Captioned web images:
····················
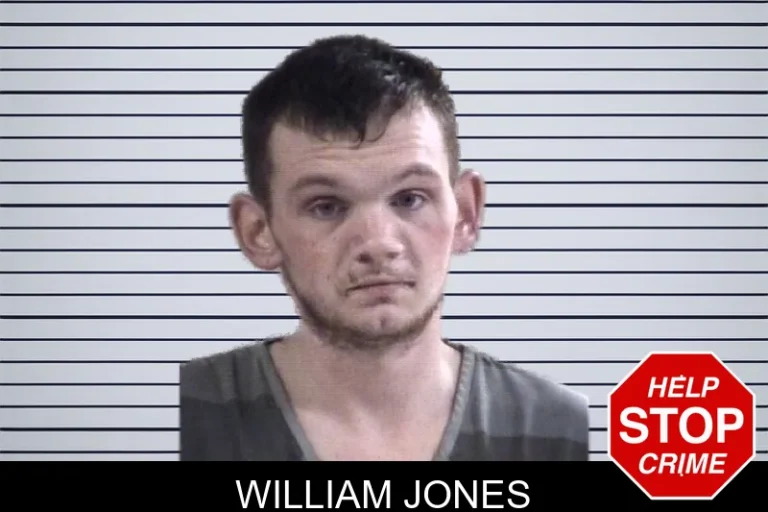 William Jones mugshot – Whitfield County , Georgia William Jones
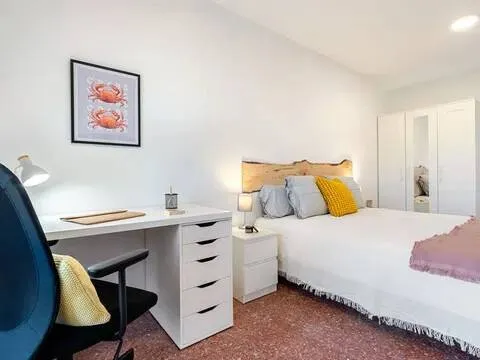 Habitación en alquiler, Reus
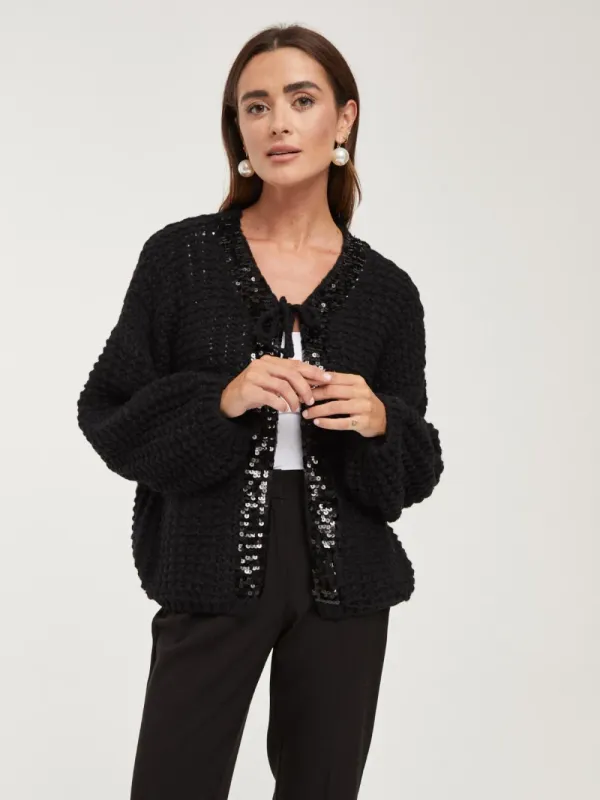 Chaqueta lentejeulas (1 unidad)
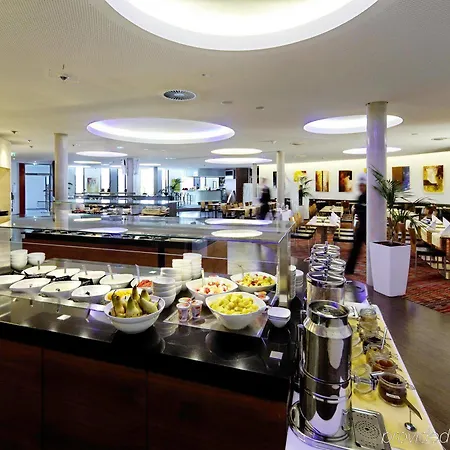 Hilton Garden Neckarpark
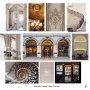 Kips Bay Decorator Show House, Dallas - The Dressing Room | Design Concept | Interior Designers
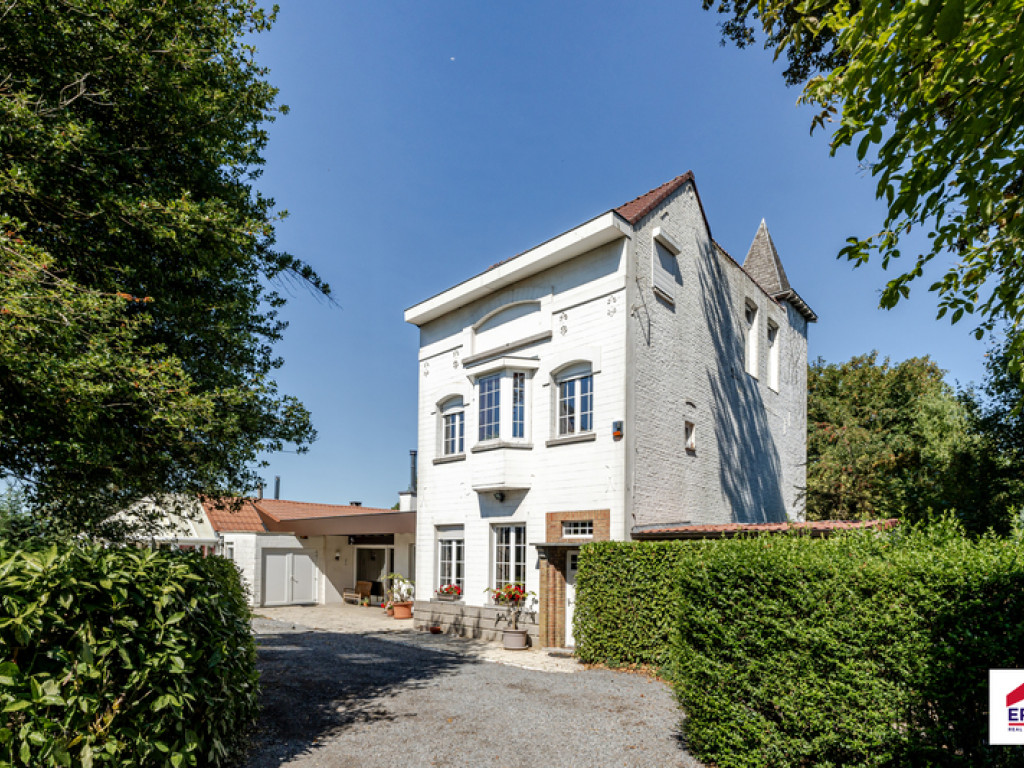 Steenweg naar Alsemberg - 930 - - 1654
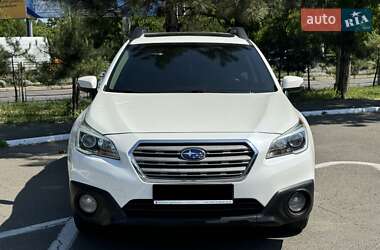 Subaru Outback 2016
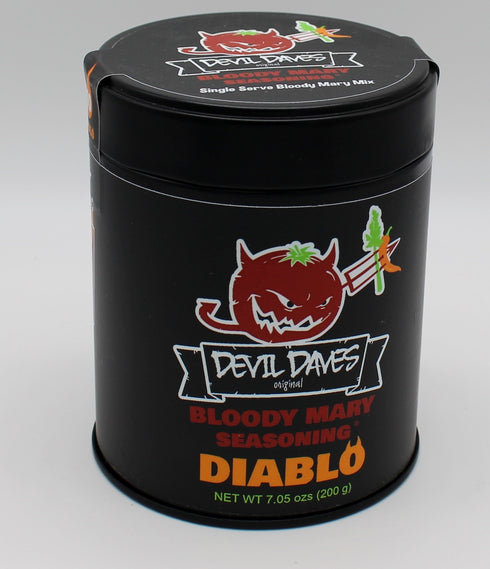 Devil Daves Bloody Mary Mix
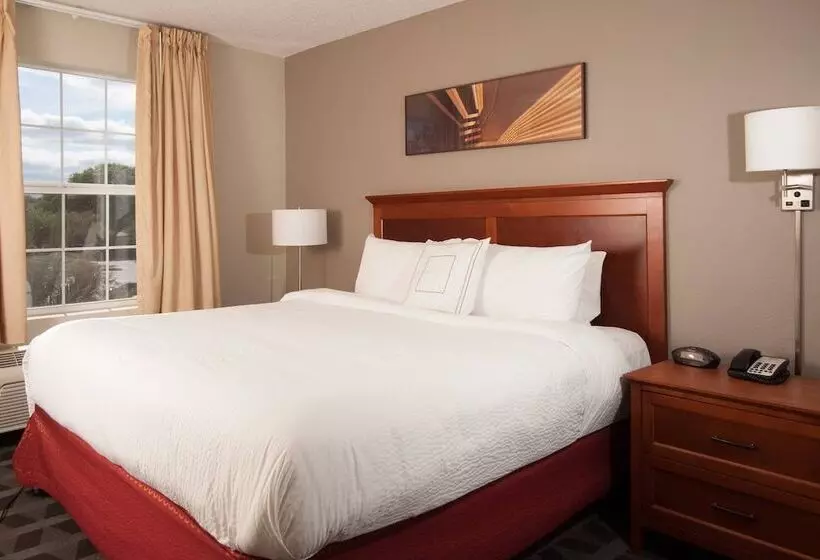２ベッドスイートルーム, Towneplace Suites The Villages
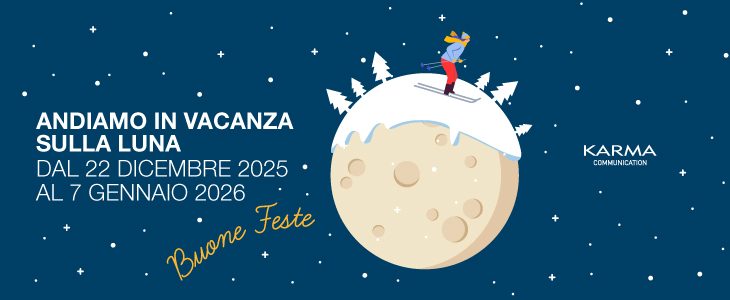 Viva il Natale: ci rivediamo nel 2026 (già, venti-ventisei)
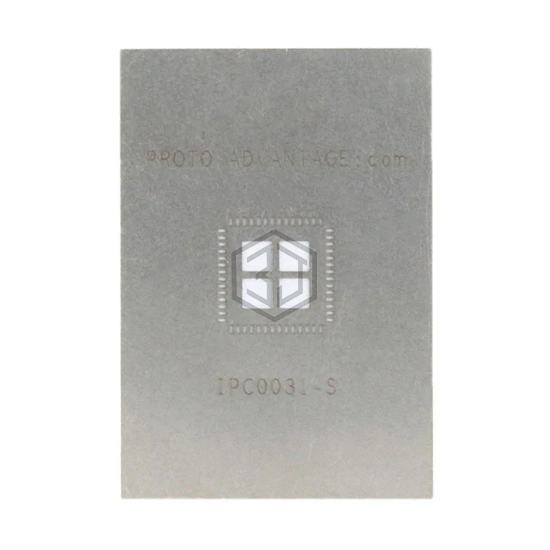 IPC0031-S - Chip Quik Inc. - Solder Stencils, Templates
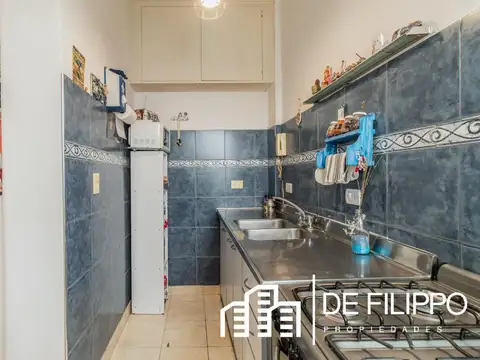 Departamento en Venta en Villa Crespo, USD 99.000
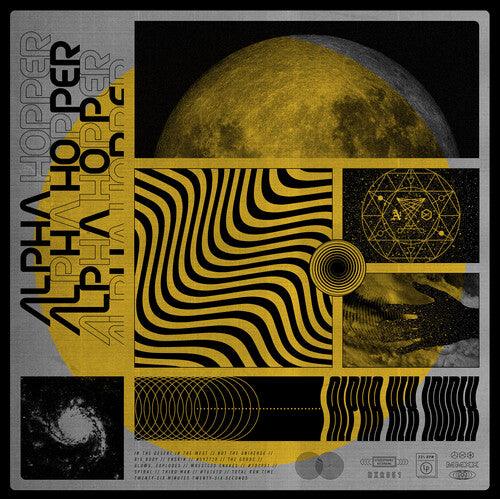 Alpha Hopper- Alpha Hex Index ( Vinyl )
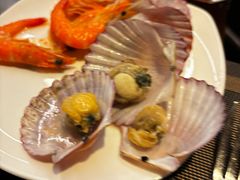 -索菲特酒店·海鲜自助 ·聚餐厅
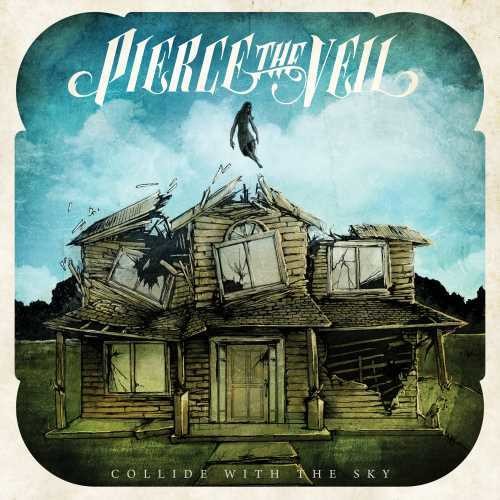 Pierce the Veil: Collide with the Sky { Vinyl LP }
····················
:: TASK TO COMPLETE ::
Repeat every line of the data exactly, but do not include pictures.

:: SOLUTION BELOW ::
 William Jones mugshot – Whitfield County , Georgia William Jones
 Habitación en alquiler, Reus
 Chaqueta lentejeulas (1 unidad)
 Hilton Garden Neckarpark
 Kips Bay Decorator Show House, Dallas - The Dressing Room | Design Concept | Interior Designers
 Steenweg naar Alsemberg - 930 - - 1654
 Subaru Outback 2016
 Devil Daves Bloody Mary Mix
２ベッドスイートルーム, Towneplace Suites The Villages
 Viva il Natale: ci rivediamo nel 2026 (già, venti-ventisei)
 IPC0031-S - Chip Quik Inc. - Solder Stencils, Templates
 Departamento en Venta en Villa Crespo, USD 99.000
 Alpha Hopper- Alpha Hex Index ( Vinyl )
 -索菲特酒店·海鲜自助 ·聚餐厅
 Pierce the Veil: Collide with the Sky { Vinyl LP }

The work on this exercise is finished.